As if the inherent distortion in journalistic values weren't bad enough, there's not a lot of evidence that the consumerist model has worked. Newspapers have been tarting themselves up like a cheap diner's commemorative placemats for better than a decade, and they're still shutting down, and readership numbers are still declining.

That may be because the notion that the reader is a consumer, in the sense of a buyer of a discrete retail product, is fundamentally flawed. Readers aren't buying packs of gum on the basis of which ones go pop in their mouths; they're buying into a relationship with a paper, which tells them things they ought to know. The basis of that relationship has to be how much the reader believes and trusts what the paper has to say – not just that the paper speaks truthfully, but that its selection of what to say derives from an honest and disinterested appraisal of what it is the reader needs to know. Nobody wants to listen every morning to a timid and obsequious clown, decked out in flamboyant color with "Hey Kids!" screaming overtop its retooled flag. Dumbing down and dressing up impose real costs. Newspaper managers may fret about the loss of their mass readership, but the more serious erosion has been among the more thoughtful readers, who have lost respect for the daily press as anything but a sad barometer of cultural decline (and who, incidentally, include some of the very people who decide where to pay their ad dollars to have their names and their wares emblazoned).

The reader buys a newspaper in search of a daily relationship of trust with the provider of a professional service.

Therein lies an alternative to "reader as customer." It's a model that retains some of the truer insights of the consumerist model: That the reader must lie at the core of the journalist's concerns. But it understands the reader as something other than an impulse buyer. And it restores the journalist to being something other than a stock clerk in a grocery store, making sure the shelves are packed according to a formula engineered to entice, titillate and provoke a buying decision.

The model is reader as client, journalist as professional.

Reader as client means the journalist strives to serve the reader's interests, not necessarily his wishes, by fulfilling the professional obligation the reader has conferred upon the journalist by the act of buying the paper. Any professional – lawyer, doctor, CPA – is duty-bound to tell clients things they don't want to hear.
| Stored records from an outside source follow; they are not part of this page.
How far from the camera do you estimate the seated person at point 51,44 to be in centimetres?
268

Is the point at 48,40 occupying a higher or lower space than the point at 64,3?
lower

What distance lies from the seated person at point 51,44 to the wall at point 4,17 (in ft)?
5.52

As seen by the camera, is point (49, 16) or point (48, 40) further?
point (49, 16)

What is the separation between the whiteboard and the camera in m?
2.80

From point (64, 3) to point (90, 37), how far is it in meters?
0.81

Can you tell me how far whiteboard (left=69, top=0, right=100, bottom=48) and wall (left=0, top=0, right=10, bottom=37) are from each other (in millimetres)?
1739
The journalist too, under this model, has a rock-bottom professional duty: To use specialist skills of disinterested observation and analysis to identify important events and developments in public life and bring them to light before the reader.
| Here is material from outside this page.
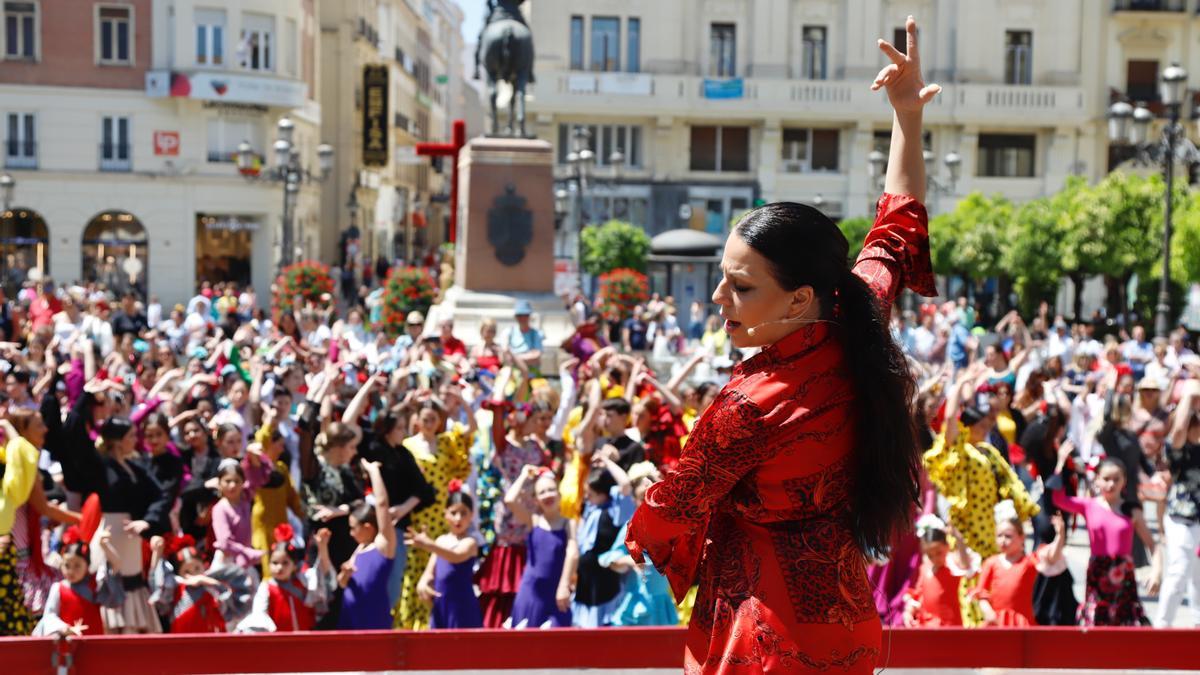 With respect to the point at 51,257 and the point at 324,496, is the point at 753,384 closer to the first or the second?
the point at 324,496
Is it arrogant to assign the journalist the role of deciding what the reader ought to know, rather than the blander responsibility of bringing the reader things he wants to hear about? It's arrogant only if you think reporters should be brokers of fact-based amusements, or that journalists are little more than channels for transmitting the momentary predilections of "the community."

The professionalist model not only permits the journalist to exercise judgment in deciding what needs coverage; it makes exercising judgment a central obligation of the job, which is to report impartially on those things in the society that, in the reporter's fair and honest opinion, most warrant being illuminated.

There's more. If the reporter is professional then it follows, as with any professional, that his or her principal obligation is to the client, not to the employer. The traditional professional is paid directly by the client, so no conflict arises. The journalist is more akin to a physician working for a health maintenance organization; the HMO signs his paycheck, but that isn't supposed to attenuate the doctor's professional obligation to the patient. So if reporters are professionals, don't newsroom managers need to let them use their skills for professionally appropriate ends, rather than as sales tools to penetrate new submarkets with alluring near-news? One can only hope so.